# JOIN TEAM FLARE?!?



## Piptocrossing (Oct 27, 2013)

Spoliers mabye~

So during the game Pokemon X Lysandre compliments you on how great of a trainer you are. Near the end when you are battling to save the world he saids something a long the lines that you are the best of the best.

You have to be selected to join team flare, I just think if Lysandre thought so highly of you, why wouldn't he want to save you?
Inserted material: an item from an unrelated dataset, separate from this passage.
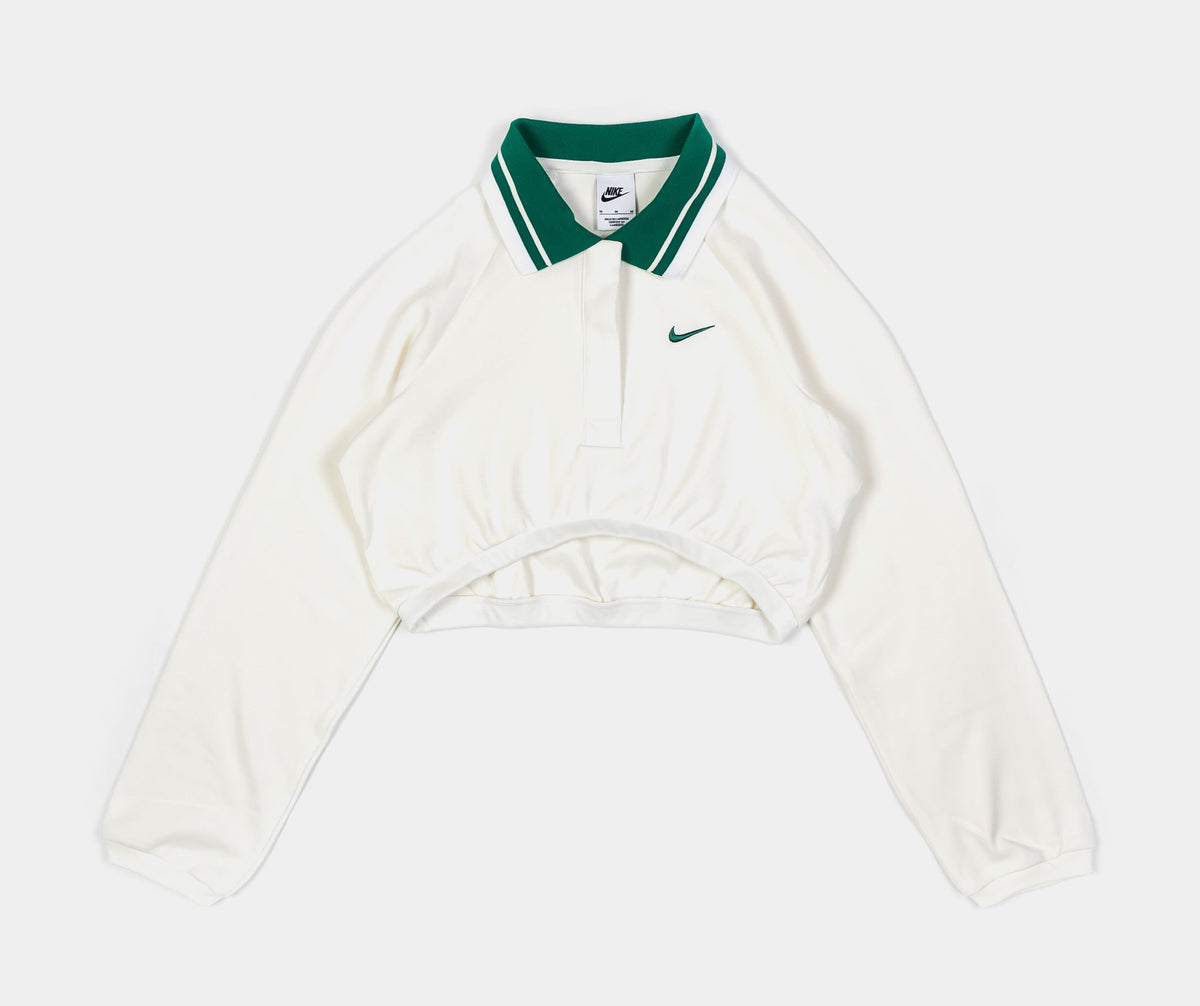 Exclusive Polo Cropped Womens Long Sleeve Shirt (Beige/Green) — XS — Front View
I just think it might have been cool to see what would happen if you joined in the end~ 

Then in the next Pokemon release game the two choices of games you would buy would be Pokemon:Flare and Pokemon:? (nintendo's problem, not mine). one game you would be a member of team flare, the other game you are trying to stop team flare again!  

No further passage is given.